(Beginning of Provided material)
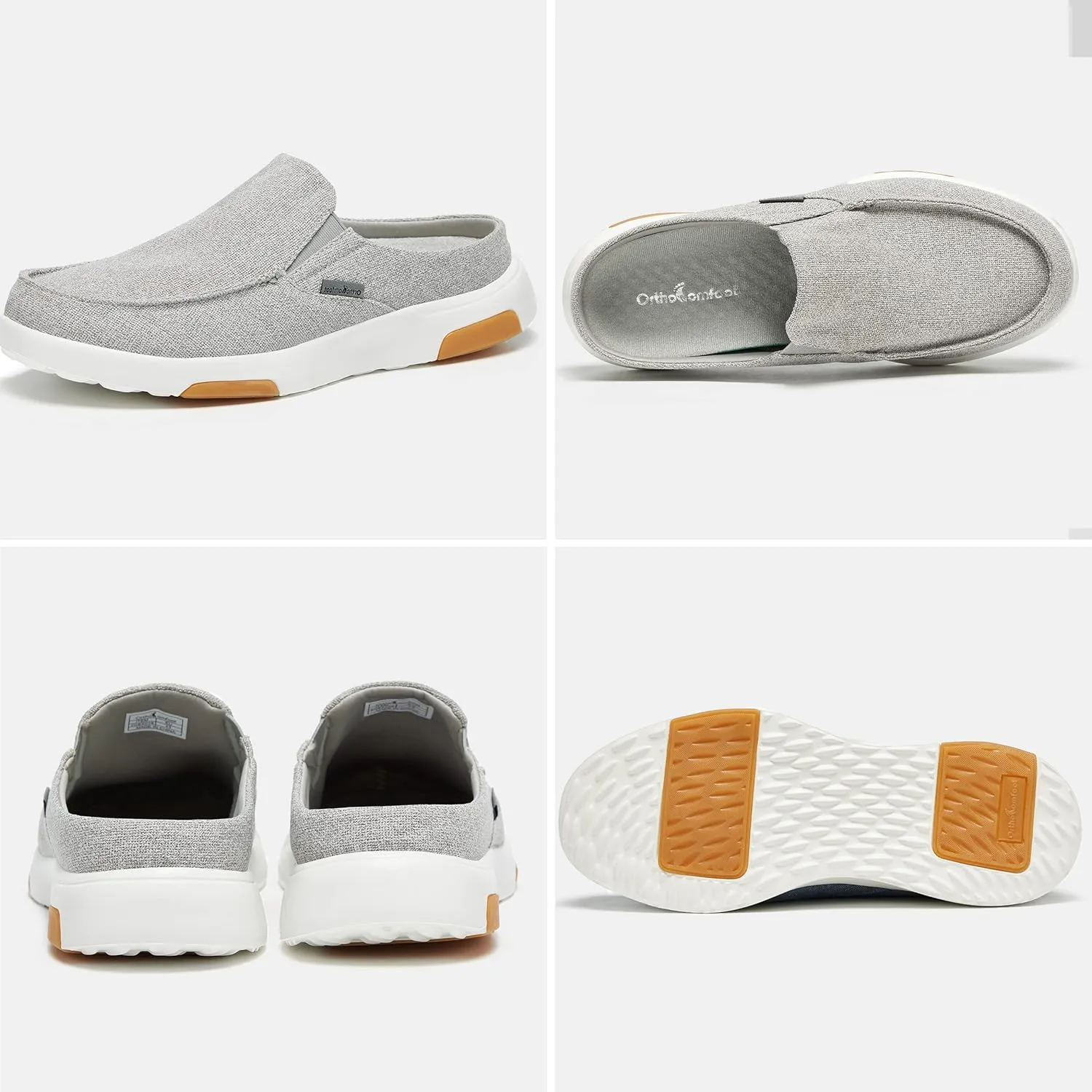 OrthoComfoot Men's Orthopedic Slip-On Loafers Walking Shoes with Arch Support: Casual Plantar Fasciitis Slippers for Flat Feet, Comfortable Orthotic Shoes for Foot and Heel Pain Relief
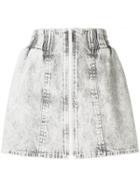 Miu Miu Bleached Denim Mini Skirt - Grey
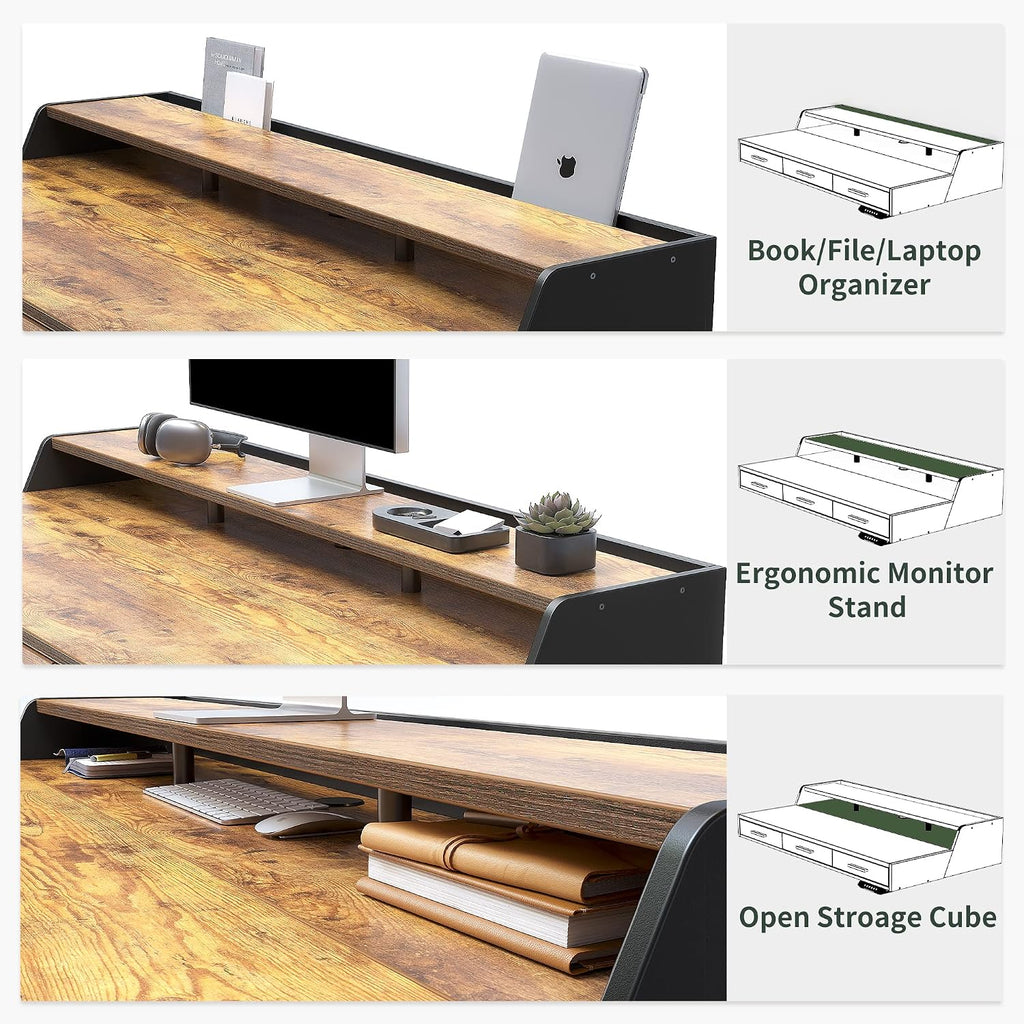 Brown Electric Drawer Standing Desk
(End of Provided material)
[Brief]
Each line above is to be copied exactly, and the pictures are to be dropped.

[Finished task]
 OrthoComfoot Men's Orthopedic Slip-On Loafers Walking Shoes with Arch Support: Casual Plantar Fasciitis Slippers for Flat Feet, Comfortable Orthotic Shoes for Foot and Heel Pain Relief
 Miu Miu Bleached Denim Mini Skirt - Grey
 Brown Electric Drawer Standing Desk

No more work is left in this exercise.